Flooding module

Niche Vlaanderen also contains a module to model the influence of flooding more precisely. This is done using the Flooding class.

The first step is importing the niche_vlaanderen module. For convenience, we will be importing as nv.

[1]:
import niche_vlaanderen as nv
%matplotlib inline
import matplotlib.pyplot as plt

Creating a Flooding model

Here the Flooding class is created. Like in Niche Vlaanderen, when creating the class, the model with its codetables is initialized.

[2]:
fp = nv.Flooding()

Running the model

The calculate method of the class takes four arguments: the depths (as grid), frequency, period and duration.

[3]:
fp.calculate(depth_file="../testcase/flooding/ff_bt_t10_h_0.asc",
             frequency="T10", period="summer", duration=1)

Inspecting the model

The results can be plotted per vegetation type. Note that not all vegetation types of Niche are supported by the flooding module.

[4]:
fp.plot(1)
fp.plot(25)

plt.show()
_images/flooding_7_0.png
_images/flooding_7_1.png

Like for the niche model, it is also possible to generate a summary table.

[5]:
fp.table.head()
[5]:
vegetation presence_code presence area_ha
0 1 4 no information or flooding 821.36
1 1 2 moderate tolerant to flooding 110.92
2 1 1 poorly tolerant to flooding 67.72
3 2 4 no information or flooding 821.36
4 2 2 moderate tolerant to flooding 110.92

Saving the model

Comparable to the niche model, the resulting grids can be saved using the write method.

[6]:
fp.write("_output", overwrite_files=True)

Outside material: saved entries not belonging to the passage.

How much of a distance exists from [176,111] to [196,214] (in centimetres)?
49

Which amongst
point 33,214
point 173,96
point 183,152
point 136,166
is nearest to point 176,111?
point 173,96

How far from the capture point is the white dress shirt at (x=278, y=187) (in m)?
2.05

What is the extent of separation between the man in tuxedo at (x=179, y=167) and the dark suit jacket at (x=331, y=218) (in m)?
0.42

Combining the output with niche

The output of a Flooding model can be combined with a Niche model, by using the combine method.

We will create a new niche model and set the inputs.

[7]:
myniche = nv.Niche()
input = "../testcase/dijle/"
myniche.set_input("soil_code", input +"bodemv.asc")
myniche.set_input("msw", input +"gvg_0_cm.asc")
myniche.set_input("mlw", input +"glg_0_cm.asc")
myniche.set_input("mhw", input +"ghg_0_cm.asc")
myniche.set_input("seepage", input +"kwel_mm_dag.asc")

myniche.set_input("management", input +"beheer_int.asc")


myniche.set_input("nitrogen_atmospheric", input +"depositie_def.asc")
myniche.set_input("nitrogen_animal", input +"bemest_dier.asc")
myniche.set_input("nitrogen_fertilizer", input +"bemest_kunst.asc")

myniche.set_input("inundation_vegetation", input +"overstr_veg.asc")
myniche.set_input("inundation_acidity", input +"ovrstr_t10_50.asc")
myniche.set_input("inundation_nutrient", input +"ovrstr_t10_50.asc")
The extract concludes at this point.